§ WHAT THE TASK REQUIRES
Without copying the images, write out all the entries below verbatim.

--*--

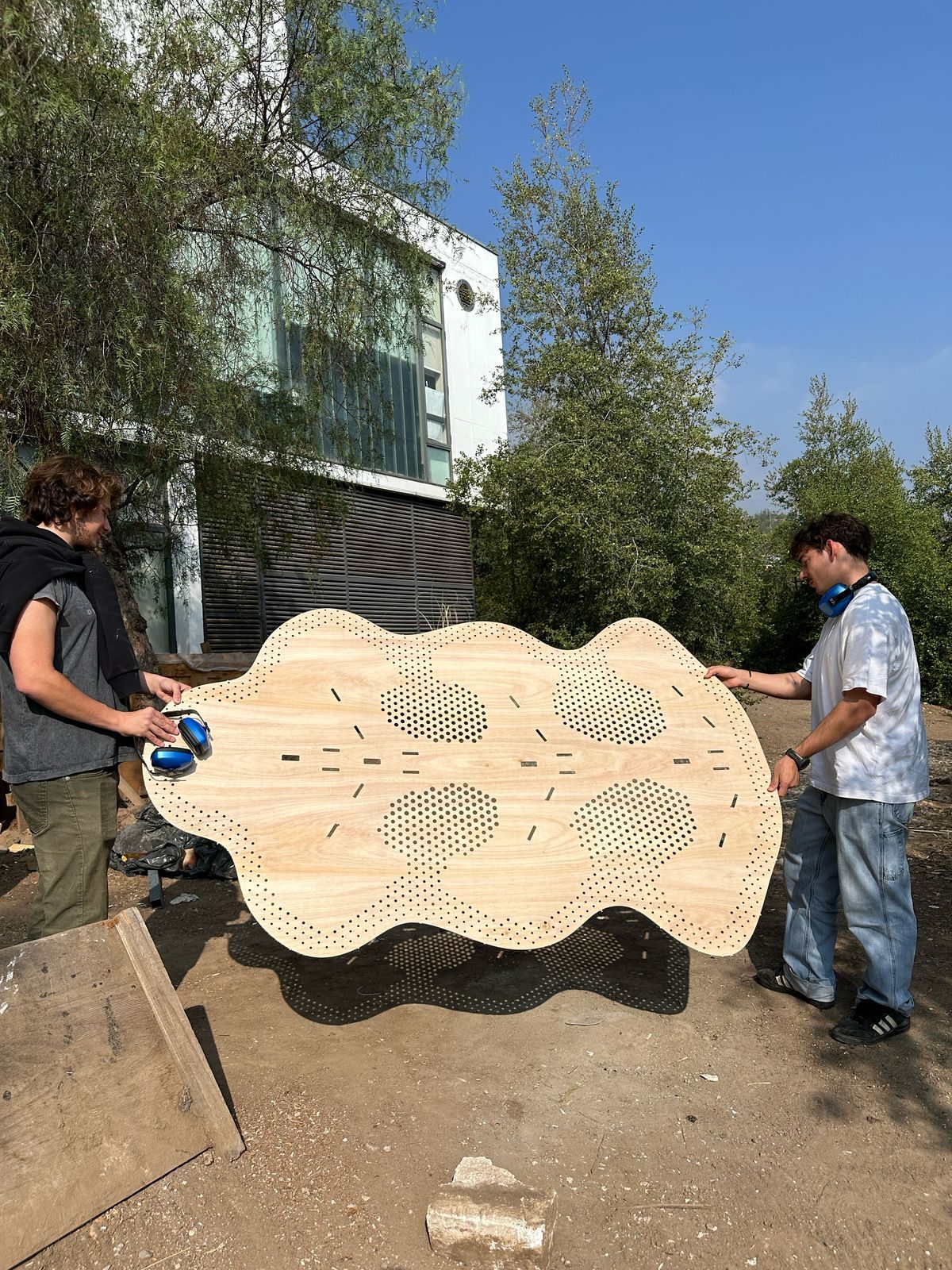 Paneles de madera con perforación paramétrica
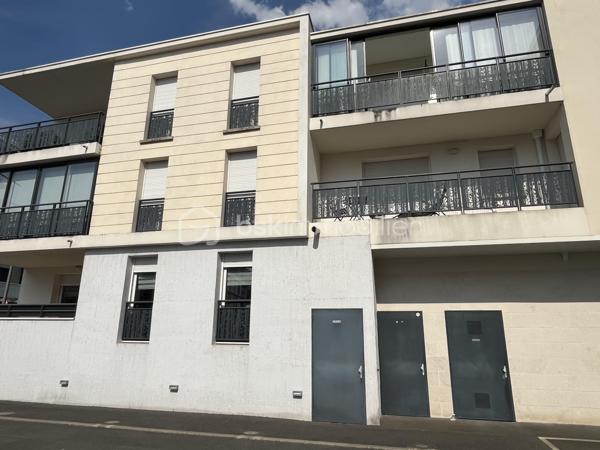 Au cœur d'un quartier récent et calme, Bel appartement T3 de 65 m2 environ dans une résidence de standing de 2016 avec locataires sérieux en place.

Situé au bord du parc de la Rabiere, à 3 min à pied du Tram et du bus, et à proximité immediate de toutes commodités ce bel appartement de 65 m2, au RDC surélevé, est composé de la façon suivante :
une entrée avec cellier, un salon, 2 chambres, une cuisine aménagée ouverte sur la piece de vie, une salle d'eau, un wc, un grand balcon-terrasse

Une place de parking privative en sous sol complète ce bien

Chauffage et eau chaude individuel avec chaudière gaz
Volets roulants électriques
DPE C

Loyer actuel 700 e CC  (650 de revenu locatif pour le propriétaire)
Bail courant jusqu'en février 2029
Charges de copro 85e/mois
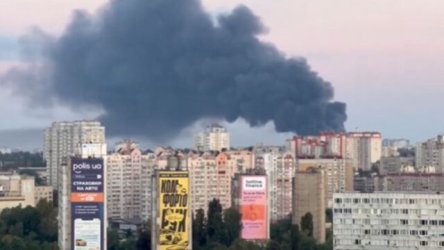 Ουκρανία: Τουλάχιστον τρεις νεκροί από τη νυχτερινή επιδρομή της Ρωσίας – Στις φλόγες κυβερνητικό κτίριο (Εικόνες & Βίντεο)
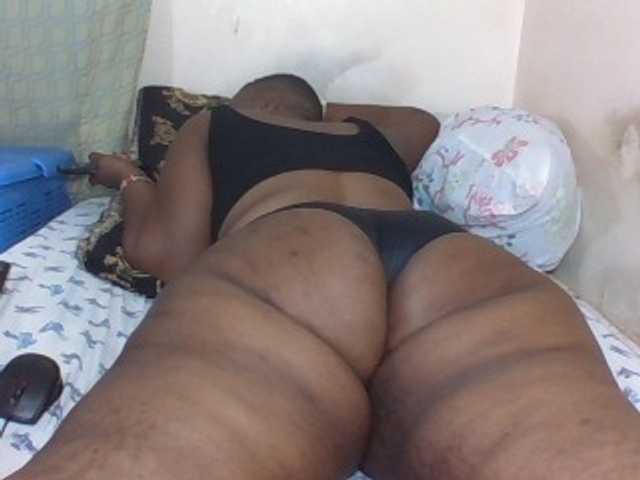 Live sex webcam photo for Sexyblacktits #290742389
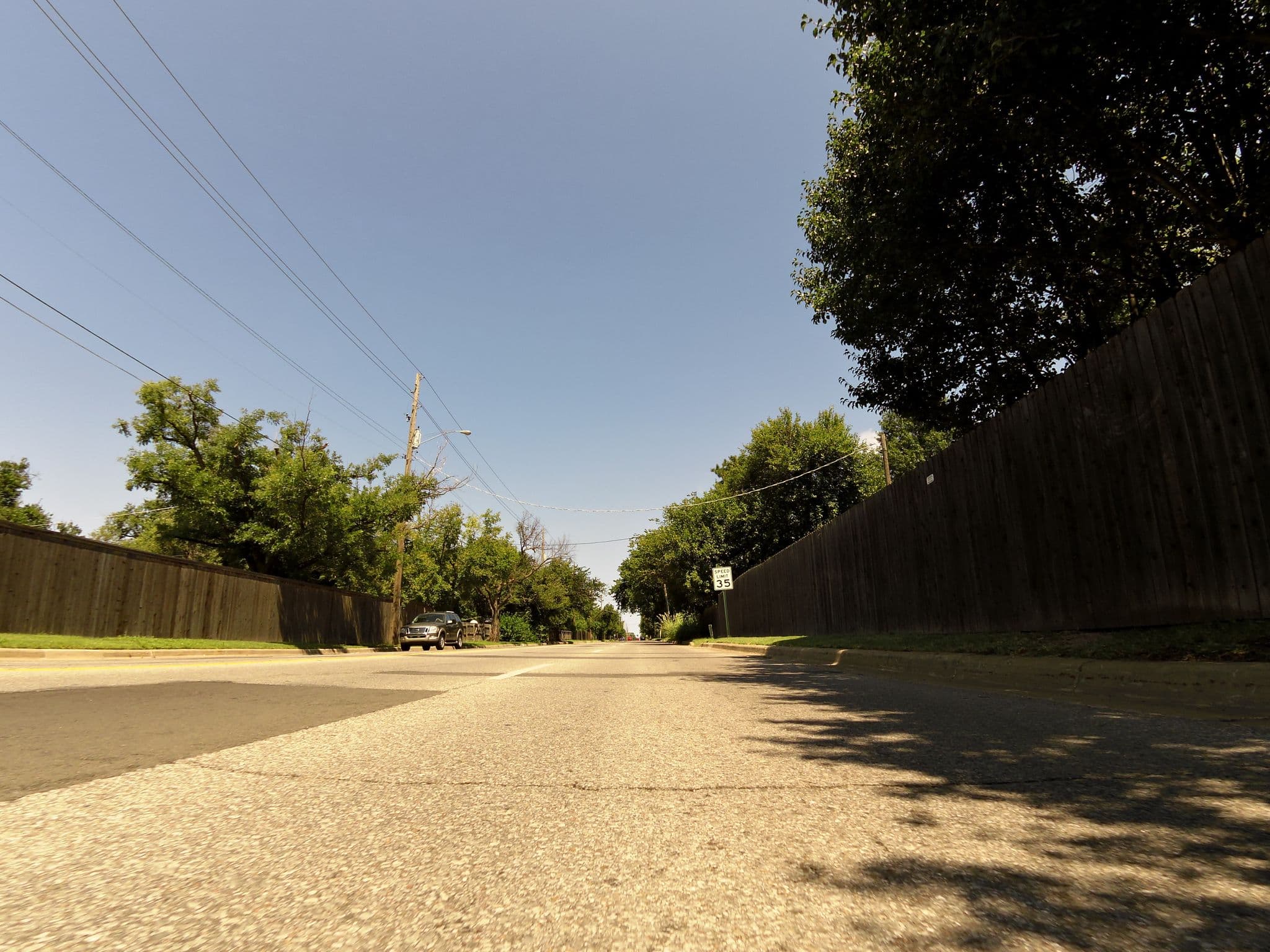 Street view near DAR BED & BREAKFAST, McConnell AFB — © bundlegut (CC BY-SA · Mapillary)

--*--

§ RESPONSE BELOW
 Paneles de madera con perforación paramétrica
 Au cœur d'un quartier récent et calme, Bel appartement T3 de 65 m2 environ dans une résidence de standing de 2016 avec locataires sérieux en place.

Situé au bord du parc de la Rabiere, à 3 min à pied du Tram et du bus, et à proximité immediate de toutes commodités ce bel appartement de 65 m2, au RDC surélevé, est composé de la façon suivante :
une entrée avec cellier, un salon, 2 chambres, une cuisine aménagée ouverte sur la piece de vie, une salle d'eau, un wc, un grand balcon-terrasse

Une place de parking privative en sous sol complète ce bien

Chauffage et eau chaude individuel avec chaudière gaz
Volets roulants électriques
DPE C

Loyer actuel 700 e CC  (650 de revenu locatif pour le propriétaire)
Bail courant jusqu'en février 2029
Charges de copro 85e/mois
 Ουκρανία: Τουλάχιστον τρεις νεκροί από τη νυχτερινή επιδρομή της Ρωσίας – Στις φλόγες κυβερνητικό κτίριο (Εικόνες & Βίντεο)
 Live sex webcam photo for Sexyblacktits #290742389
 Street view near DAR BED & BREAKFAST, McConnell AFB — © bundlegut (CC BY-SA · Mapillary)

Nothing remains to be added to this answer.